▸ THE PROBLEM:
Please take the lines from the one holding "Black Hole Duffel" through the one holding "A gray metal" in the data below and copy them exactly.

(Dataset items)

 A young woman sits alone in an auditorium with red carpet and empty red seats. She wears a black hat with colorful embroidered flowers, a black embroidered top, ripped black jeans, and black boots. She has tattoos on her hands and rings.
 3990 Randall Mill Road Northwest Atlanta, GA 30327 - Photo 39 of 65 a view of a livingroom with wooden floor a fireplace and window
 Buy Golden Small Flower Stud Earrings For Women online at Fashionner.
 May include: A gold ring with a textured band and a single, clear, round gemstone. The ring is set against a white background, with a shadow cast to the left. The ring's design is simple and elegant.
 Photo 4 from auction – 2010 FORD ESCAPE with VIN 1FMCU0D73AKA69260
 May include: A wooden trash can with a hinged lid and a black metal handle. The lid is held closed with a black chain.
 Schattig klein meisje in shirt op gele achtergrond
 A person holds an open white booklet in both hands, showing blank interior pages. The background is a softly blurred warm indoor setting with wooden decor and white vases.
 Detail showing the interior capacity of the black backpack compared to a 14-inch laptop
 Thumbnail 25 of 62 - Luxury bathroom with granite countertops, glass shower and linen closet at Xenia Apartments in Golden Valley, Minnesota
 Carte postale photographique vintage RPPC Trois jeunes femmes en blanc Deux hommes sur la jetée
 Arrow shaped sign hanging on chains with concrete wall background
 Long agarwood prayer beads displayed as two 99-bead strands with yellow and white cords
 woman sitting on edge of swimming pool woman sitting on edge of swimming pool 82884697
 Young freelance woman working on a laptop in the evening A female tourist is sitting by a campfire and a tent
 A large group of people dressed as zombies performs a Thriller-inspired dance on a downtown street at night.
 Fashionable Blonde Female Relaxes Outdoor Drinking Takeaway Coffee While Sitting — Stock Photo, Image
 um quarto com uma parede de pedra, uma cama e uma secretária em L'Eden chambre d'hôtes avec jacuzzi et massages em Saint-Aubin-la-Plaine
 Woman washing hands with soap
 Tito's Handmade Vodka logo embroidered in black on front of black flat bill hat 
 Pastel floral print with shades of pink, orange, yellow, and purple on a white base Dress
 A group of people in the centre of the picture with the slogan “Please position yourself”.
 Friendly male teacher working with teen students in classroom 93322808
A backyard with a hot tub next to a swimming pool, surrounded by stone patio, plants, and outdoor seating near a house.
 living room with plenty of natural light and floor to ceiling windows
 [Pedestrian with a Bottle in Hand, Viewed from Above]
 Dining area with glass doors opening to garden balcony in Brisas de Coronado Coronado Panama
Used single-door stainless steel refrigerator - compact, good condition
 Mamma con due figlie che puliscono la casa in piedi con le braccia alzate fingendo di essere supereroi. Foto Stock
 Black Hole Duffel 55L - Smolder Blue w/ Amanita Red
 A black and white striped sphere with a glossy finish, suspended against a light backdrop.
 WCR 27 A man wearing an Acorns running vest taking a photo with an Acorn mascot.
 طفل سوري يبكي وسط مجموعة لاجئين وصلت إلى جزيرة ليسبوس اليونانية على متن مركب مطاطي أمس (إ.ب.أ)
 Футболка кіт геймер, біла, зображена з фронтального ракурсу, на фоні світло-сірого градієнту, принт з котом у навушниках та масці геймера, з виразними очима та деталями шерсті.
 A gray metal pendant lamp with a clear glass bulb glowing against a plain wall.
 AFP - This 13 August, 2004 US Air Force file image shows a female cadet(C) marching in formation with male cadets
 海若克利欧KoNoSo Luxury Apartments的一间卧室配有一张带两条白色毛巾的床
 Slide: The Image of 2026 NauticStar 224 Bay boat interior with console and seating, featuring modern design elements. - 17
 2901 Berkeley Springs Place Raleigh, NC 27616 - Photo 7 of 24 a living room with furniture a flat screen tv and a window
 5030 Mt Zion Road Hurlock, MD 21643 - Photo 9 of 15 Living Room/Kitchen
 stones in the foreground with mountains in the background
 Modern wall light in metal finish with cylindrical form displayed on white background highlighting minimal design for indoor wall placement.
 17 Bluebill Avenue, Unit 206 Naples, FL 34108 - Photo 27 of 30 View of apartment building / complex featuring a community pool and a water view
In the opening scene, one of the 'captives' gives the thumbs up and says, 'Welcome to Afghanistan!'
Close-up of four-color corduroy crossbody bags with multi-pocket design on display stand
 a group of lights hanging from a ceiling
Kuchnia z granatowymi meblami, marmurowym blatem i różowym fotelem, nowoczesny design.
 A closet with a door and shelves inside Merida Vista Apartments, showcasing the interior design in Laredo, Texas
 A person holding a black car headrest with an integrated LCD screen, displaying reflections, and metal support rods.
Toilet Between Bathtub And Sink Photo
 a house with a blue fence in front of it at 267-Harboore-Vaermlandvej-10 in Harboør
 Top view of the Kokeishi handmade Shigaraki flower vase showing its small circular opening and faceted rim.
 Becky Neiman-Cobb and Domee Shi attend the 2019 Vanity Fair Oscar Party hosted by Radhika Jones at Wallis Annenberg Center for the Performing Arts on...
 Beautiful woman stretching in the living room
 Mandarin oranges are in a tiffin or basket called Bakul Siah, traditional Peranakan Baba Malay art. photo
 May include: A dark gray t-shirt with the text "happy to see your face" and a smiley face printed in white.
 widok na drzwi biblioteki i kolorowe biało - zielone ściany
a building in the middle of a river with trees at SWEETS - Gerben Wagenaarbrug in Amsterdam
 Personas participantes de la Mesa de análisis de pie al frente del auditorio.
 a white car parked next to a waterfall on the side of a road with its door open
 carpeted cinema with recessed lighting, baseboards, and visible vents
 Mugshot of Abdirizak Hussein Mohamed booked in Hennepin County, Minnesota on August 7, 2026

▸ OUTPUT OF THE TASK:
 Black Hole Duffel 55L - Smolder Blue w/ Amanita Red
 A black and white striped sphere with a glossy finish, suspended against a light backdrop.
 WCR 27 A man wearing an Acorns running vest taking a photo with an Acorn mascot.
 طفل سوري يبكي وسط مجموعة لاجئين وصلت إلى جزيرة ليسبوس اليونانية على متن مركب مطاطي أمس (إ.ب.أ)
 Футболка кіт геймер, біла, зображена з фронтального ракурсу, на фоні світло-сірого градієнту, принт з котом у навушниках та масці геймера, з виразними очима та деталями шерсті.
 A gray metal pendant lamp with a clear glass bulb glowing against a plain wall.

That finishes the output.